High-dose olanzapine versus clozapine for treatment-resistant schizophrenia: A systematic review and meta-analysis

Abstract

Treatment-resistant schizophrenia (TRS) affects approximately 30 % of schizophrenia patients and represents a significant clinical challenge. Although clozapine remains the gold standard treatment, it is underutilized due to hematological monitoring requirements, though recent FDA guidance has made such monitoring less restrictive. High-dose olanzapine has emerged as a potential alternative; however, comparative evidence has been mixed. We conducted a systematic review and meta-analysis following PRISMA guidelines. Four electronic databases were searched, from inception to February 2025. Studies that directly compared high-dose olanzapine (≥20 mg/day) with clozapine in treatment-resistant populations were included. The primary outcomes included changes in overall psychopathology as measured by PANSS total scores or BPRS total scores, along with positive and negative symptom subscales, positive and negative symptoms, and adverse events. Twelve studies met the inclusion criteria, which were included in the meta-analysis.

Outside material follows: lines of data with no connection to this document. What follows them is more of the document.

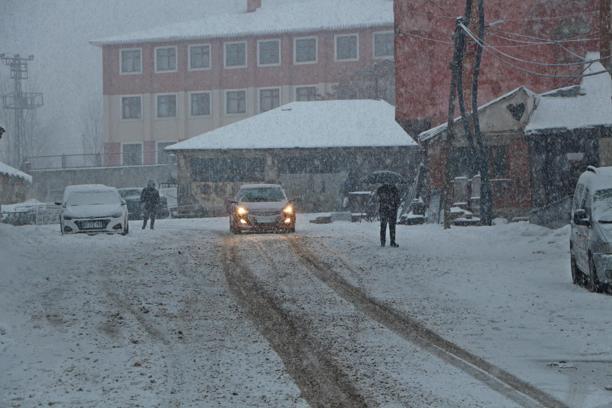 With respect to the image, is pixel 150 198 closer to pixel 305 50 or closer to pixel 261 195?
pixel 261 195

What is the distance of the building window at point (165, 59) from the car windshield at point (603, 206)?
194 feet

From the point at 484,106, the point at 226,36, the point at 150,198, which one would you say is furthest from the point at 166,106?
the point at 150,198

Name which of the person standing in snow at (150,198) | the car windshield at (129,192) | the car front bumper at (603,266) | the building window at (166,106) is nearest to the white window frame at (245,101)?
the building window at (166,106)

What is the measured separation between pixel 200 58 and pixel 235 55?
2832mm

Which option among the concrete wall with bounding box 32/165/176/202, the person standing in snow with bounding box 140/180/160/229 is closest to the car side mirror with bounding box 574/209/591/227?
the person standing in snow with bounding box 140/180/160/229

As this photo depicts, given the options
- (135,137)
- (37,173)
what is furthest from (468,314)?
(135,137)

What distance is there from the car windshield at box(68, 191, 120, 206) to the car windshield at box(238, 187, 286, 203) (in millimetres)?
3680

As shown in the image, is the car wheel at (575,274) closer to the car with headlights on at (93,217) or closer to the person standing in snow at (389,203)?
the person standing in snow at (389,203)

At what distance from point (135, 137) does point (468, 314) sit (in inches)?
2386

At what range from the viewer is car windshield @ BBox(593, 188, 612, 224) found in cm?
1274

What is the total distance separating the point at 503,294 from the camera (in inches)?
503

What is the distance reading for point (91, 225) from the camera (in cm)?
2428

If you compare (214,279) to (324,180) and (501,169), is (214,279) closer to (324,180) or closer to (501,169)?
(501,169)

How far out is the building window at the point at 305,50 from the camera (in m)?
67.0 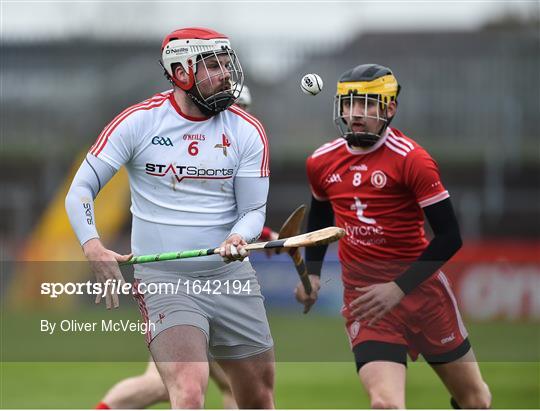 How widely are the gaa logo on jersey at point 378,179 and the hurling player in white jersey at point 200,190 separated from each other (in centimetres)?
70

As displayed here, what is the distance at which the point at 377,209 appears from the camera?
5.67 metres

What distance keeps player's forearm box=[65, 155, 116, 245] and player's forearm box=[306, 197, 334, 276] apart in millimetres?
1385

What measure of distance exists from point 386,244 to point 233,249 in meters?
1.18

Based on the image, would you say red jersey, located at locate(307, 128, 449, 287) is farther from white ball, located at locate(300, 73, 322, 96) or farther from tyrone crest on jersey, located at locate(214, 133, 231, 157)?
tyrone crest on jersey, located at locate(214, 133, 231, 157)

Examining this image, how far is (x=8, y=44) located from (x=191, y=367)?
528 inches

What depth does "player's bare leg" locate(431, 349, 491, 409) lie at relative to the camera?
18.6 ft

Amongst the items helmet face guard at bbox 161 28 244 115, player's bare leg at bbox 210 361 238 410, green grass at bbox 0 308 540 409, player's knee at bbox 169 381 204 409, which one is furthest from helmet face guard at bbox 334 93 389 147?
green grass at bbox 0 308 540 409

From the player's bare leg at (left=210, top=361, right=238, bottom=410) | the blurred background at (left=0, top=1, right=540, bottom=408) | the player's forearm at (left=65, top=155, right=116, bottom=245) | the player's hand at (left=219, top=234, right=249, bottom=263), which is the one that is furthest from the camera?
the blurred background at (left=0, top=1, right=540, bottom=408)

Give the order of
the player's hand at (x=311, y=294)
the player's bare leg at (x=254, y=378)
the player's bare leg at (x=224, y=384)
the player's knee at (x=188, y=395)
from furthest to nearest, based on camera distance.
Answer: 1. the player's bare leg at (x=224, y=384)
2. the player's hand at (x=311, y=294)
3. the player's bare leg at (x=254, y=378)
4. the player's knee at (x=188, y=395)

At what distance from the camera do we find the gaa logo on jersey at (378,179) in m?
5.61

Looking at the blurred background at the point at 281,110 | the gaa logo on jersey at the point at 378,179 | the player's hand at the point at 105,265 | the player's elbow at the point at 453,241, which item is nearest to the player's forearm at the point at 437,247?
the player's elbow at the point at 453,241

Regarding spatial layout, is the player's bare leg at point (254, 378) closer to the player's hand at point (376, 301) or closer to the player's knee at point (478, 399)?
the player's hand at point (376, 301)

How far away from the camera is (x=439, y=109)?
17250mm

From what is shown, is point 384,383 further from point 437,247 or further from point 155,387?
point 155,387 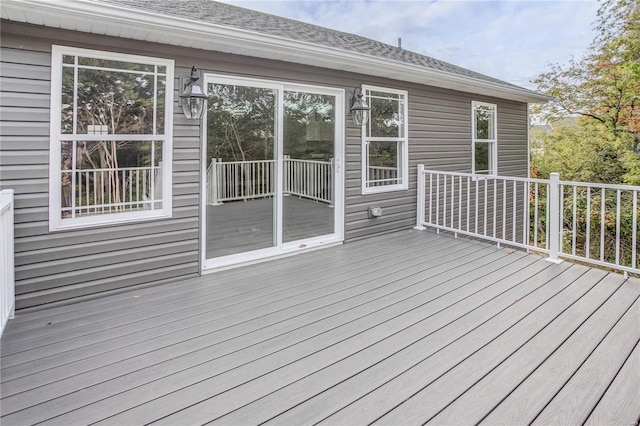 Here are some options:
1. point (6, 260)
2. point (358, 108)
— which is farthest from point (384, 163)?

Using random-effects models, clozapine demonstrated significant superiority for positive symptoms (MD = -1.30, 95 % CI [-2.52, -0.08]), whereas differences in overall psychopathology (MD = -2.50, 95 % CI [-6.53, 1.53]) and negative symptoms (MD = 0.21, 95 % CI [-1.96, 2.38]) were not significant. High heterogeneity was observed across the outcomes (I² = 61-98 %). In the pediatric population, clozapine showed clear superiority. Olanzapine demonstrated better general tolerability with lower discontinuation rates due to adverse events but Some studies showed significantly greater weight gain with high-dose olanzapine (≥20 mg/day) compared to clozapine (15.9 vs 3.5 lbs). Although clozapine remains the most effective option for TRS, particularly for positive symptoms, high-dose olanzapine represents a viable alternative with a different efficacy and risk profile. Treatment decisions should be individualized, considering specific symptom profiles, prior treatment responses, susceptibility to side effects, and patient preferences. Both medications require careful monitoring for metabolic side effects.

Keywords: Antipsychotics; Clozapine; Efficacy; High-dose olanzapine; Meta-analysis; Tolerability; Treatment-resistant schizophrenia.